Exercise brief —
Look below for the line containing "小瑶幺幺《符玄自拍》主题写真：58张全套美图，含4个视频". Write out that line and the rest through the last one, exactly as they appear, but without pictures.

** Records to process follows **

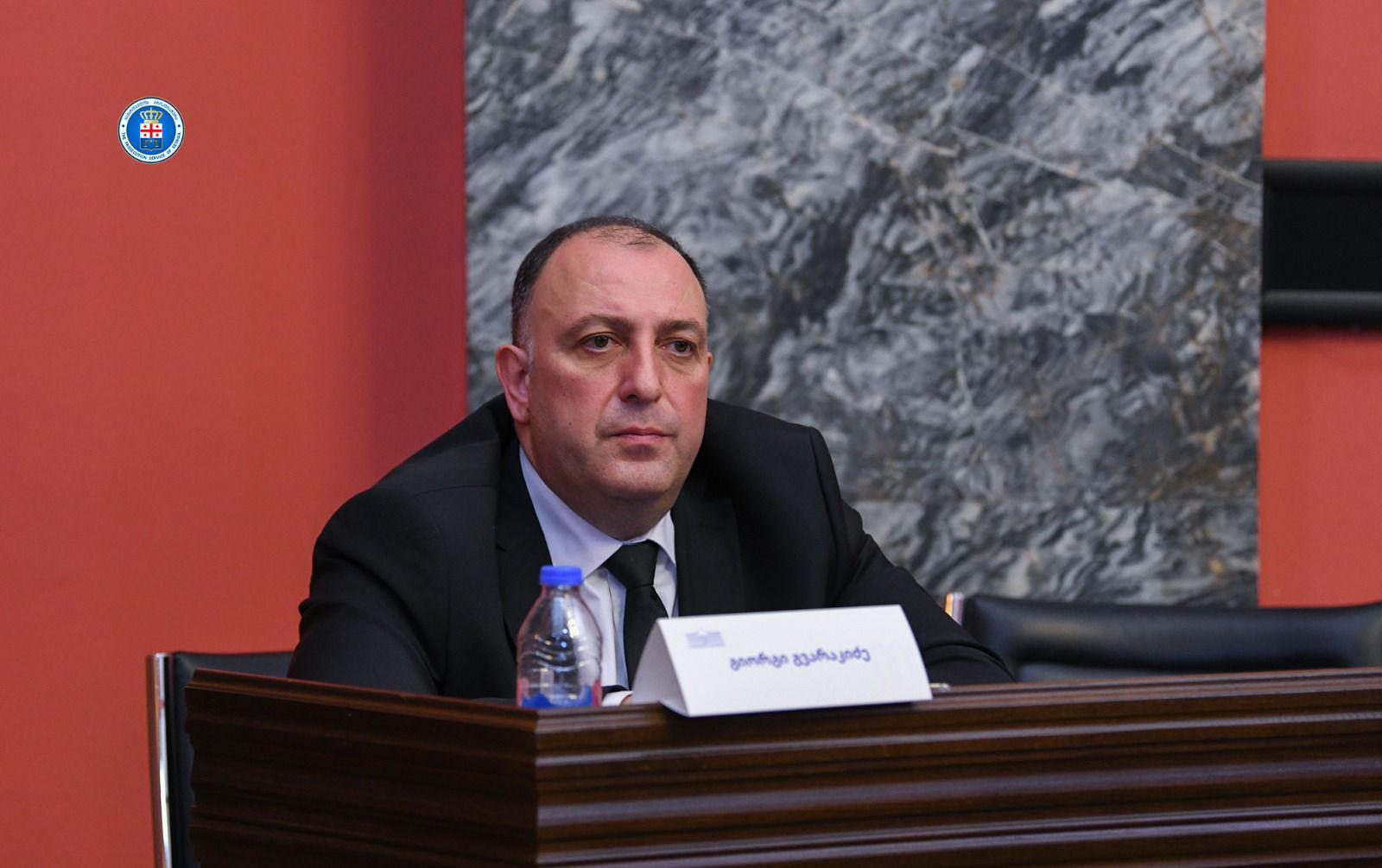 გიორგი გვარაკიძე - პირადი ცხოვრების ამსახველი ინფორმაციის უკანონო გავრცელების წინააღმდეგ ბრძოლა და მართლმსაჯულების აღსრულება ერთ-ერთი პრიორიტეტი იქნება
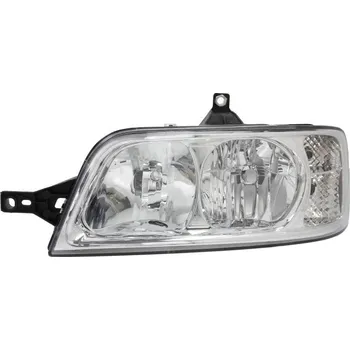 Přední světlomet TYC Přední levé světlo Peugeot Boxer , Citroën Jumper, Fiat Ducato 02.2002–08.2006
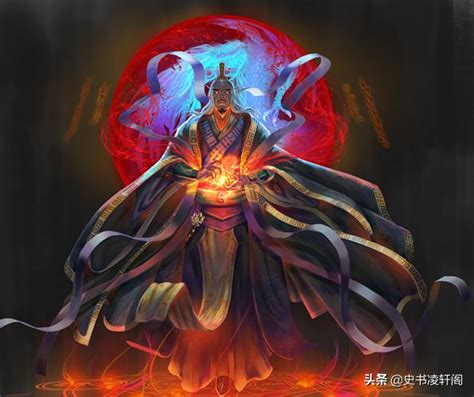 上古神话中万仙之祖是鸿钧，那妖祖、龙祖、神祖、魔祖分别是谁？ 每日头条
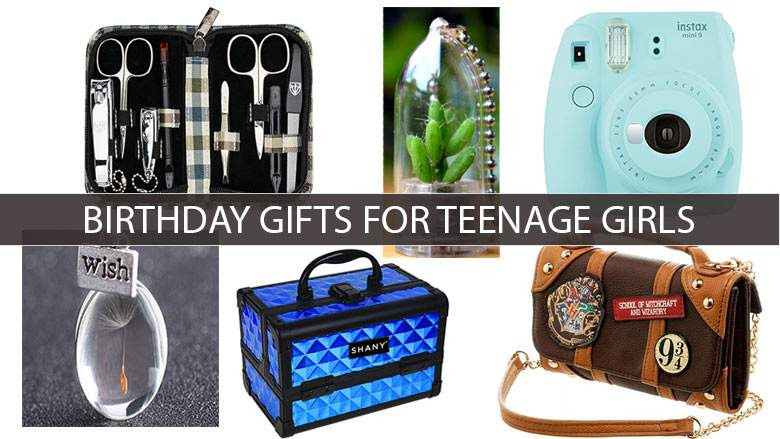 Best ideas about Teenage Gift Ideas 2019
. Save or Pin 21 Best Birthday Gifts for Teenage Girls 2019 Now.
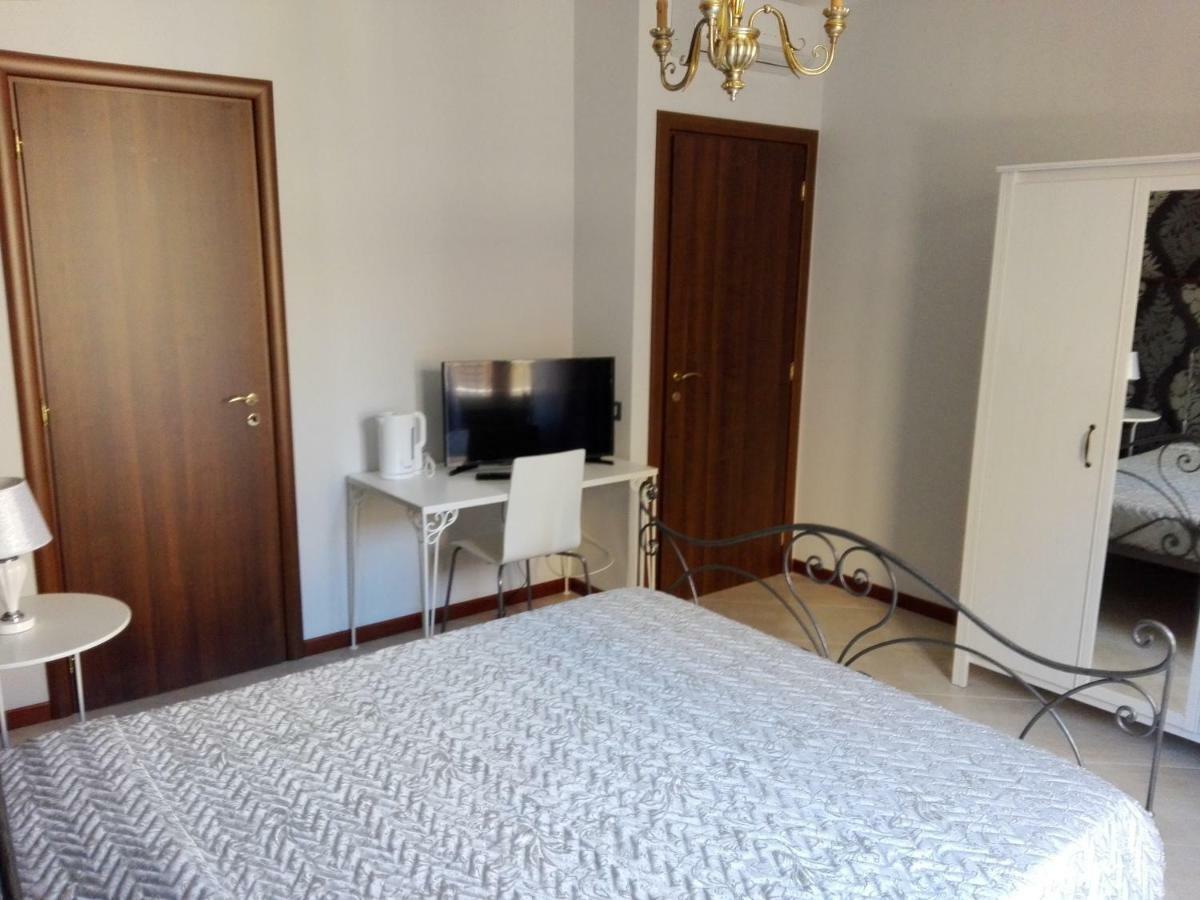 B&B Dante Barrafranca Exteriér fotografie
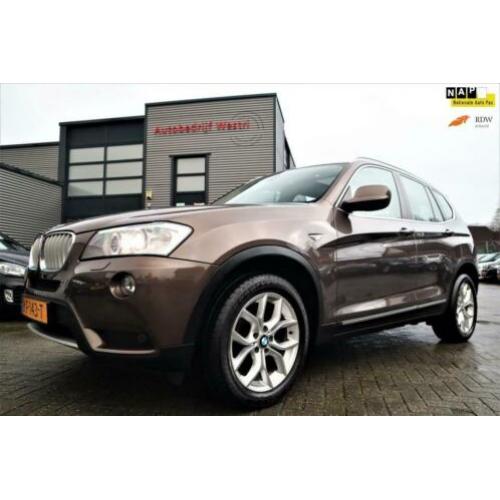 BMW X3 xDrive30d High Executive | Panorama | Comfort Leder |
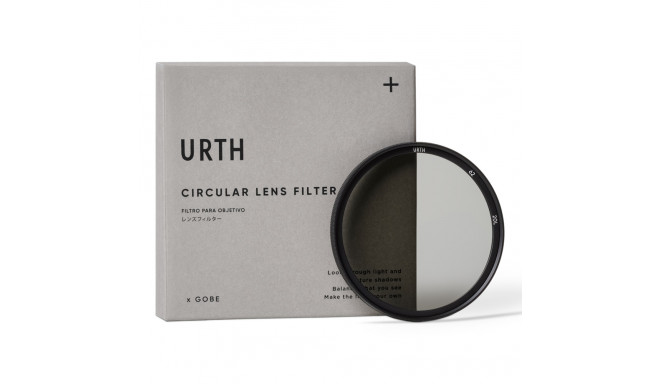 Urth 62mm Circular Polarizing (CPL) Lens Filter (Plus+)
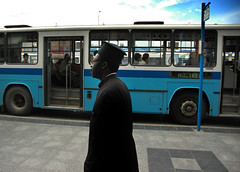 Busbahnhof Thessaloniki
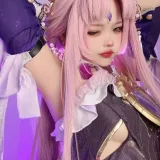 小瑶幺幺《符玄自拍》主题写真：58张全套美图，含4个视频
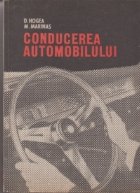 Conducerea automobilului - Editie a II-a revizuita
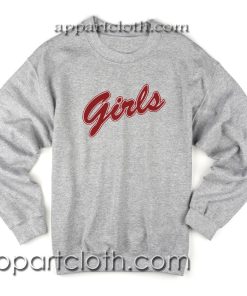 Girls Unisex Sweatshirts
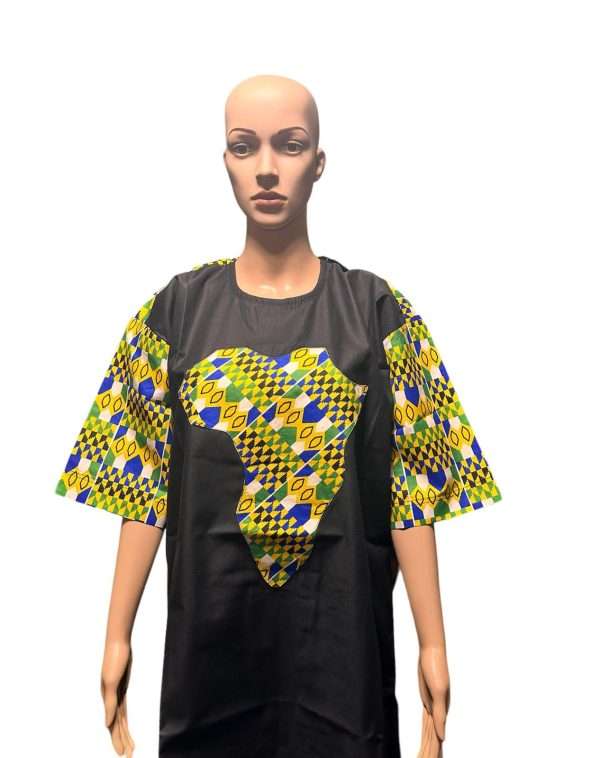 Tako Tabo Ankara Tops - Unisex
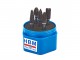 HBM 5 Delige Volhardmetalen Frezenset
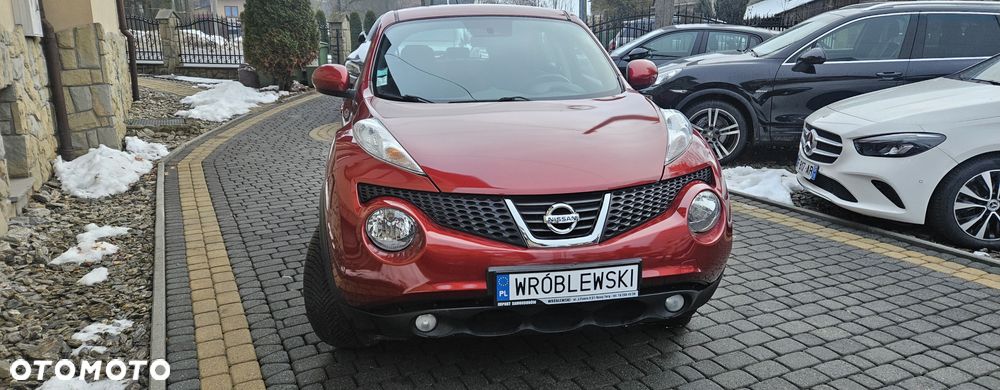 Nissan Juke - 6
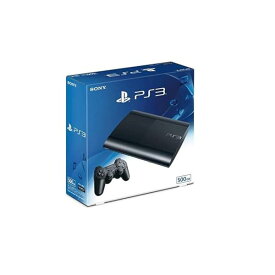 PlayStation3 チャコール・ブラック 500GB (CECH4300C)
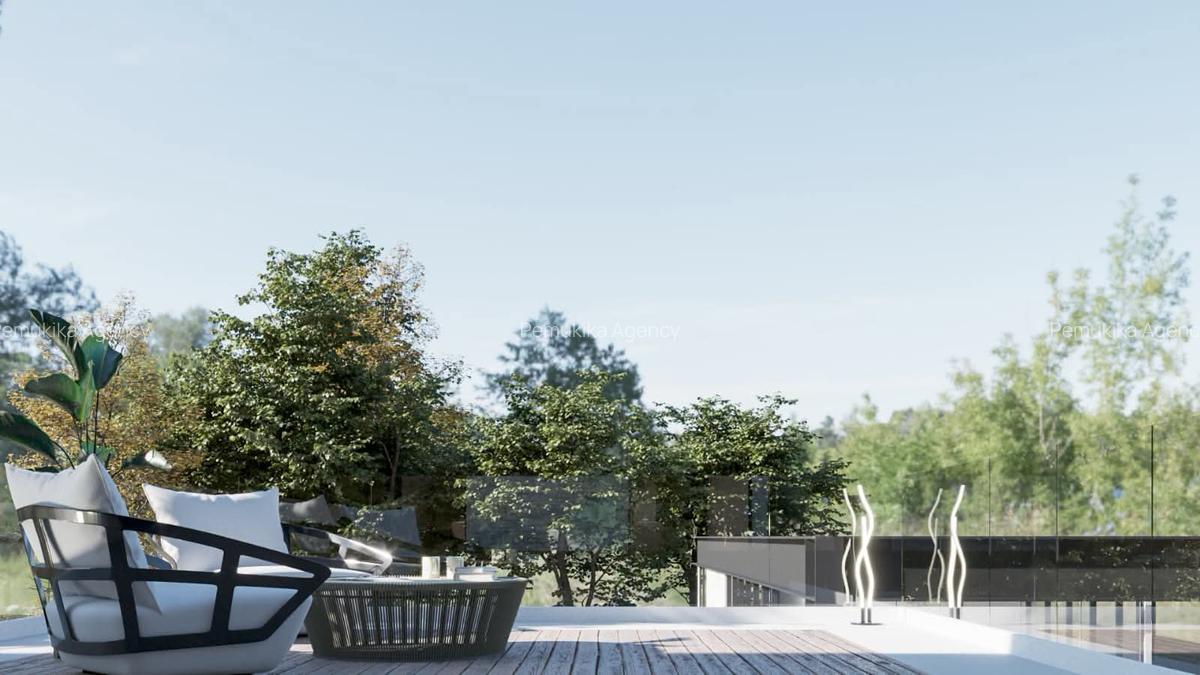 5 Bed Villa with En Suite in Karen - 1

** End of Records to process **

Final answer —
 小瑶幺幺《符玄自拍》主题写真：58张全套美图，含4个视频
 Conducerea automobilului - Editie a II-a revizuita
 Girls Unisex Sweatshirts
 Tako Tabo Ankara Tops - Unisex
 HBM 5 Delige Volhardmetalen Frezenset
 Nissan Juke - 6
 PlayStation3 チャコール・ブラック 500GB (CECH4300C)
 5 Bed Villa with En Suite in Karen - 1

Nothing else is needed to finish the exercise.